# New Tanganyikan Tank Journal w/photos



## califjewls (Dec 28, 2008)

January 23,2009
I wanted a few more Tanganyikans so its out with the old standard 10 gallon and in with the new 20 gallon long.

I placed all my rock, fish and shells into a 5 gallon bucket with some of my tank water. Meanwhile I added a few pounds of new coral sand into the tank and then sprinkled my old established sand over the top.

Next I placed the old and new rock, added the established water, new water and used 4 tablespoons of aquarium salt.

Next I placed the heater, powerhead and established filter onto the tank.

Then came the shells, there are 20 miscellaneous shells placed on both sides of the tank. I wanted to keep them separated because 1 of my multi's is bossy and I wanted the other to have his own space.

January 24, 2009
I brought home 4 new friends for my Multi's, 3 A. Calvus Inkfin and 1 L. Buescheri Zaire Gold. So far everyone is getting along well, there is plenty of rockwork for everyone to have their own space. Only 1 of my Calvus will actually hide in a shell, the other 2 choose a crevice in the lace rock. My Multi's are loving all the rock and caves, they explored all day long. I think everyone with Multi's should have rocks for them, they love it.

Equipment & Decoration:
All Glass 20 gallon long 30 1/4 x 12 1/2 x 12 3/4
Marineland Stealth 100 watt Heater
Marineland Canopy/Light with Natural Daytime Florescent bulb
AquaClear 30 150gph
AquaClear 10 Powerhead (to keep gentle water agitation across long tank)
12lbs Coral Sand
14lbs Lace Rock
Shells

Front view


















Side view









L. Buescheri Zaire Gold-he/she is gorgeous..


















A. Calvus Inkfin and L. Multi..









Multi found and claimed the same shell he had in the 10 gallon..









Another A. Calvus Inkfin, I love their spots!









Hope you enjoy!


----------



## DJRansome (Oct 29, 2005)

Those whale-eye moon snail shells are the one's my shellies like, but you've got some of them upside down with opening into the substrate. Try flipping them over. The shellies like them because they are light enough for the shellies to move them around.

Be careful of the more elongated spiral shells, both shellies and calvus can get stuck in them and die.

When you say aquarium salt, do you mean marine aquarium salt?

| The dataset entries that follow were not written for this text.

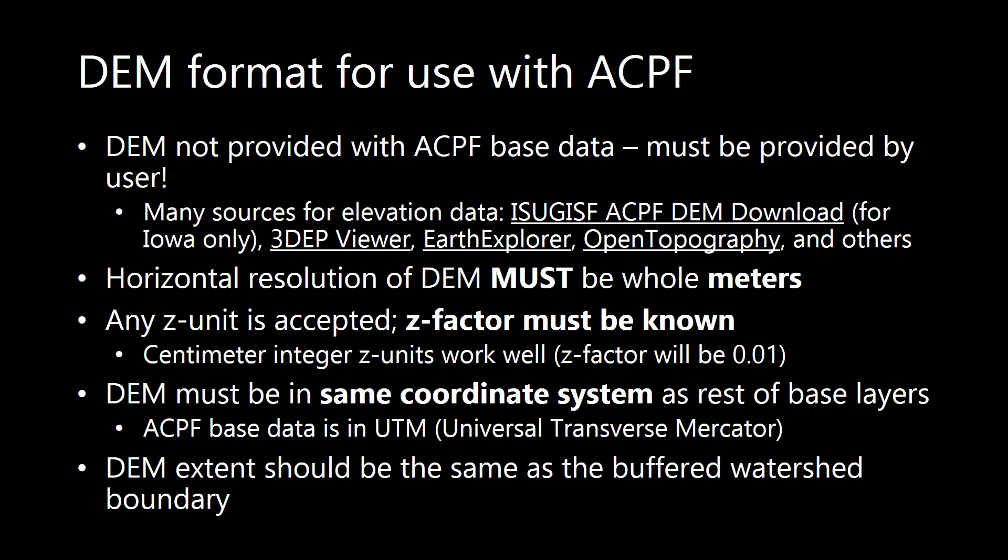The z factor is a conversion factor where it is the number of horizontal or xy units within the z unit. So for example, if you had a meters horizontal unit but then a centimeter z unit, your z factor is going to be 0.01, that is the number of meters that fits into a centimeter. The ACPF does tend to work better if the z units are in centimeters, it just reduces storage requirements and any issues with quantization. Another important thing to note is that the same coordinate system must be used for your DEM as it is for the rest of the layers. The ACPF data is provided in UTM, so make sure that your DEM is also in that coordinate system. Lastly, the DEM should be the same extent as the buffered watershed boundary, so you could use the clip or mask. I recommend the clip tool to make it that same extent.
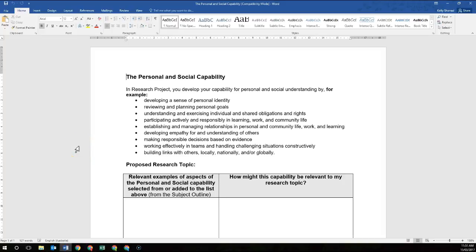Hi everyone, I'm going to be explaining how you would develop the personal and social capability. So if you've chosen this capability for your research project, you are going to be developing these dot points here. I'm going to go through these dot points and unpack them and explain how you might develop these capabilities during your research project throughout your research practices and processes.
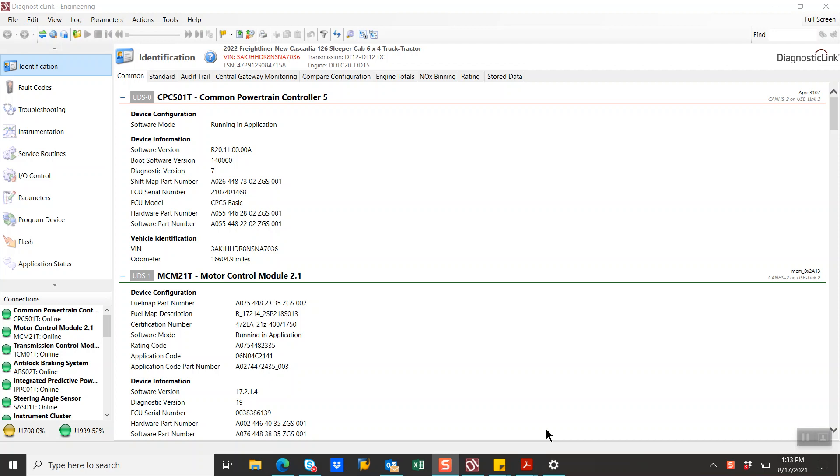So when we hear ECAS, most of us think Meritor, Meritor-Wabco, with the system that they've ran in the past and also the system that Schneider has ran in the past. It's not specific to Meritor. We use the ECAS term across several of the electronically controlled air suspensions.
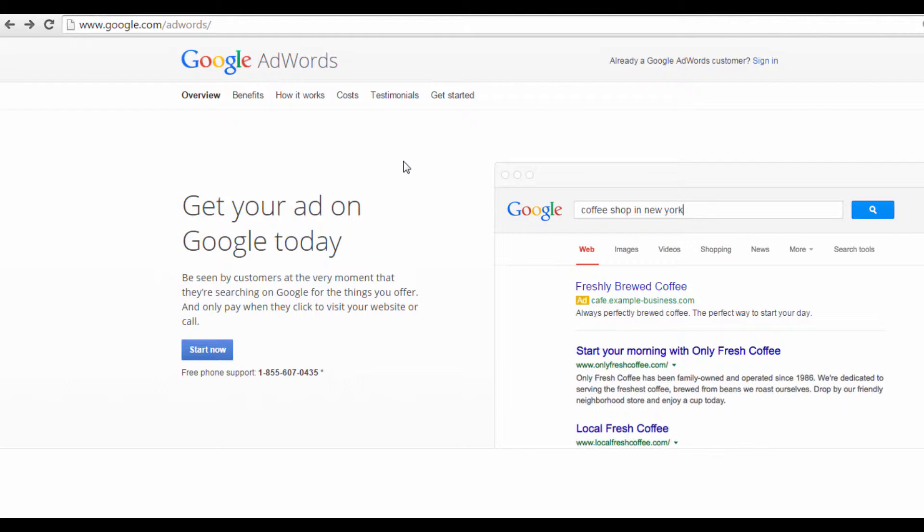You'll need an existing Google or Gmail account to do this, but don't worry. If you don't have one, you can easily create one for free at www.gmail.com. Alright, let's get started.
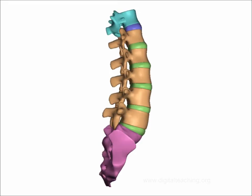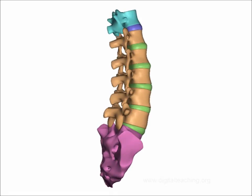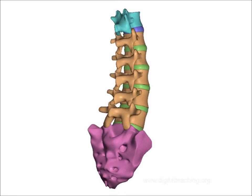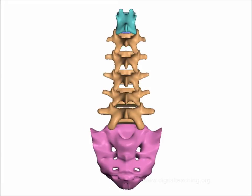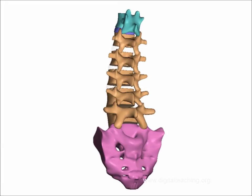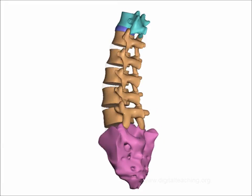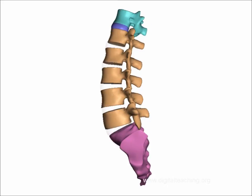Now just observe how transverse process becomes mouth of the dog. Ear and tail is superior facet. Neck is pars inter-articularis. Legs is inferior facet. Body is lamina.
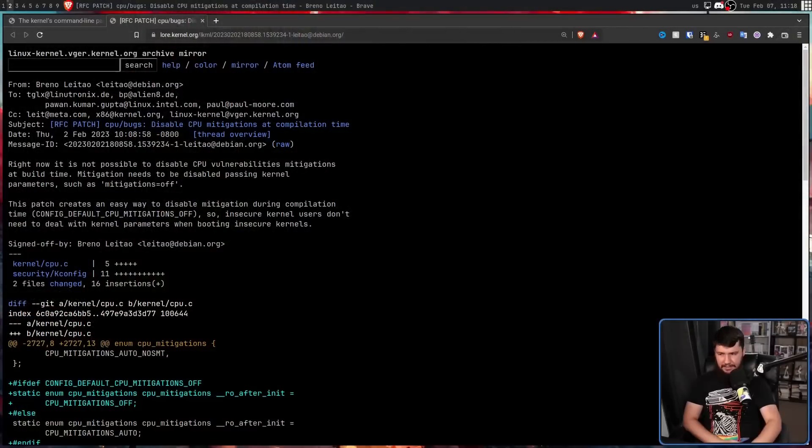But what if you knew that you never wanted any of these mitigations, so it'd make a lot more sense to disable everything at compile time? Right now there's no easy way to do that. There are individual options to disable different individual mitigations, but no easy 'turn everything off' — that is, until this kernel patch existed.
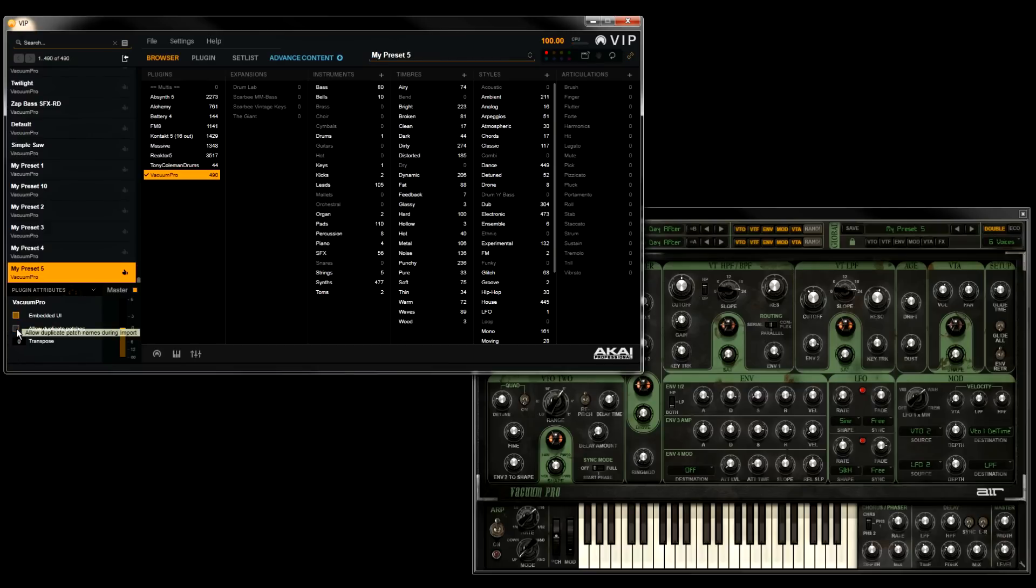Okay, I hope this video helps you keep things organized when importing all your VST instruments. Be sure to check out our other advanced and VIP videos, and you'll be an expert in no time. Now, let's go make some music!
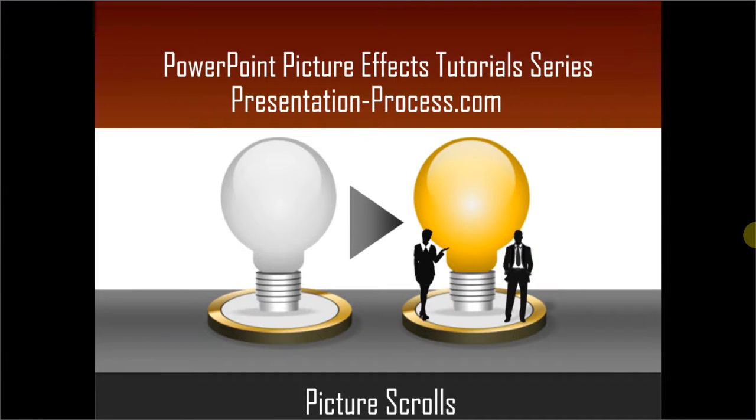Hello, I am Ramgopal from PresentationProcess.com. In this edition of PowerPoint Picture Effects tutorial series, you will learn how to create picture scrolls.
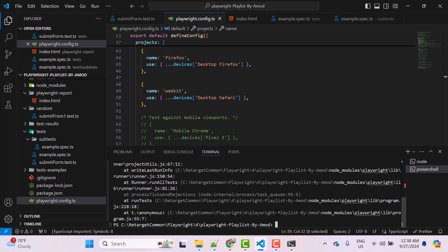By default Playwright runs in headless mode. If you want to see the browsers, use 'npx playwright test --headed' and this time it will launch the browsers visibly.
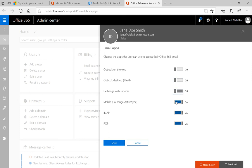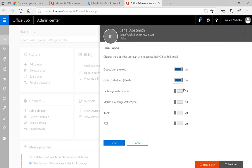ActiveSync — off. IMAP and POP as well. If you decide you want to turn any of those back on again, you can just go ahead and turn them on individually, or just go ahead and have them all on.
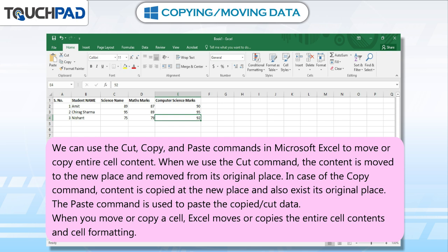When we use the cut command, the content is moved to the new place and removed from its original place. In case of the copy command, content is copied at the new place and also exists at its original place. The paste command is used to paste the copied or cut data.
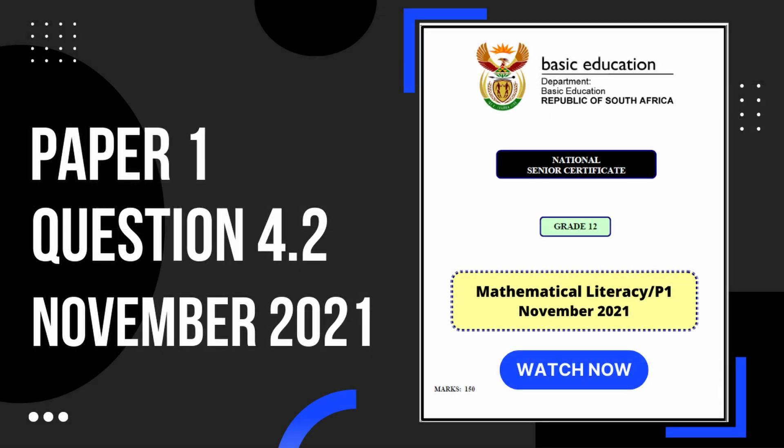And that's it for question 4.2. If you found this video helpful and want to learn more, you can check out the next video.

The shellies and Calvus are a nice combo, I don't know anything about the Buescheri. Are you trying for a Calvus pair out of the 3 individuals?


----------



## non_compliance (Dec 4, 2008)

cool setup.. I want to do some stuff liek that too.. plants, maybe shellies, etc.


----------



## califjewls (Dec 28, 2008)

DJRansome said:


> When you say aquarium salt, do you mean marine aquarium salt?
> 
> The shellies and Calvus are a nice combo, I don't know anything about the Buescheri. Are you trying for a Calvus pair out of the 3 individuals?


I use API Aquarium Salt.

I really like the Calvus and the Multis, I would like both to pair, but my LFS is out of Multis and the Calvus.

The jury is still out on the Buescheri, he may be going back to the LFS today, he isnt beating everyone up but he has seemed to chase everyone into their own space and I want everyone getting along as well as possible. He is gorgeous though, its to bad.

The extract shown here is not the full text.